I've designed a couple of simple jigs that would make cutting both parts a walk in the park. The jigs would automatically center the joinery on the boards. There would be a tiny amount of handwork involved.







Here's an animation showing the joint going together.
http://smg.photobucket.com/albums/v506/ ... gtails.flv 

If someone was interested I would post the jigs.


----------



## Anonymous (23 Sep 2006)

Interesting idea. I like it.

I would definitely agree with the other forum, sliding DTS would be a nightmare (impossible) to fit together on a tabletop.


----------



## Newbie_Neil (23 Sep 2006)

Hi dave

What a brilliant idea.

Cheers
Neil


----------



## DomValente (24 Sep 2006)

Looks good , very neat idea.


----------



## Johnboy (25 Sep 2006)

Very clever Dave. Would be a good way to fit shelves.

John


----------



## SketchUp Guru (25 Sep 2006)

Thank you all for the compliments. I'm starting to wonder if I should design something to apply that joint to. 

One of these days I'm going to get a chance to go buy some wood and then, look out.


----------



## Paul Chapman (26 Sep 2006)

Brilliant, Dave =D> Now, why didn't I think of that :?  

Paul


----------



## AndyBoyd (26 Sep 2006)

You could even for very long joints add more dovetails and corresponding access sections. Very neat.

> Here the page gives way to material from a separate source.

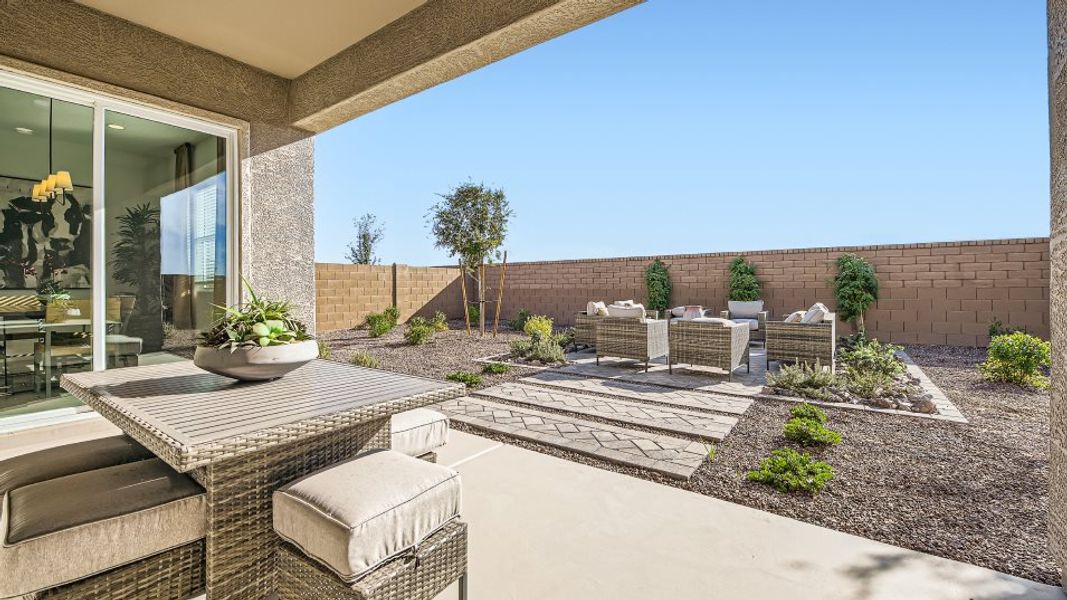 Covered patio styled with outdoor dining furniture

You should really name this joint after yourself and then copyright it - just publish it somewhere on the net with a c in circle and dated , then if some big cheese copies it you can settle out of court for a few thousand (always aim your claim at below the average 15,000 UKP lawyers cost and they will bite your hand off . I have experience of this (on the paying end unfortunately) :roll:


----------



## SketchUp Guru (26 Sep 2006)

Thanks Paul, you can use it for the price of 14,999 UKP. 

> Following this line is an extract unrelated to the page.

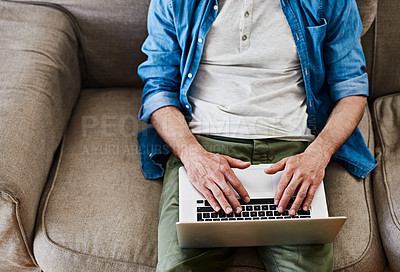 Buy stock photo High angle shot of an unidentifiable bachelor using his laptop while relaxing on the couch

Andy, I wondered if this sort of thing could be copyrighted. I could call it Dave's Dovetail but I'd be embarrassed having a joint named after me. I suppose if it made me rich I'd get over being embarrassed.


----------



## AndyBoyd (26 Sep 2006)

Just copyright the name, and then link it to the actual invention, then be modest but demanding if someone copies it.

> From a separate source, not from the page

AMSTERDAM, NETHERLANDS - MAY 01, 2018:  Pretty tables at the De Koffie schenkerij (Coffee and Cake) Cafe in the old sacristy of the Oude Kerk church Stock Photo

You could patent the actual joint but it may not work (not being novel nor unique) and it will cost a lot to do so. 

Still a nice joint though


----------



## Jake (26 Sep 2006)

AndyBoyd":1zlzl81r said:


> You could patent the actual joint but it may not work (not being novel nor unique) and it will cost a lot to do so.



Too late, it has been made public already.

Design rights might help. Copyright is useless, it is just in the drawing of the joint, not the idea of the joint.


----------



## SketchUp Guru (26 Sep 2006)

> Too late, it has been made public already.



You know, I had problems like that when I invented the wheel. I made the mistake of showing someone else before I got it patented. You'd think I'd learn.


----------



## Scrit (26 Sep 2006)

Dave R":1o4jz14e said:


> You know, I had problems like that when I invented the wheel. I made the mistake of showing someone else before I got it patented. You'd think I'd learn.


You invented the wheel as well? :shock: I though I'd corner the market with my square one! (or did BL beat me to it?) :lol: 

Scrit


----------



## SketchUp Guru (26 Sep 2006)

Scrit":3llon2s9 said:


> You invented the wheel as well? :shock: I though I'd corner the market with my square one! (or did BL beat me to it?) :lol:
> 
> Scrit



Yup. And don't get me started on fire. I invented that, too. But that darned Ogg beat me to the patent office. It really burns me up to think about it. :evil: 

:lol: :lol:


----------



## NeilO (26 Sep 2006)

too shy to have it named after you Dave....how about the "Rochester Dovetail"


----------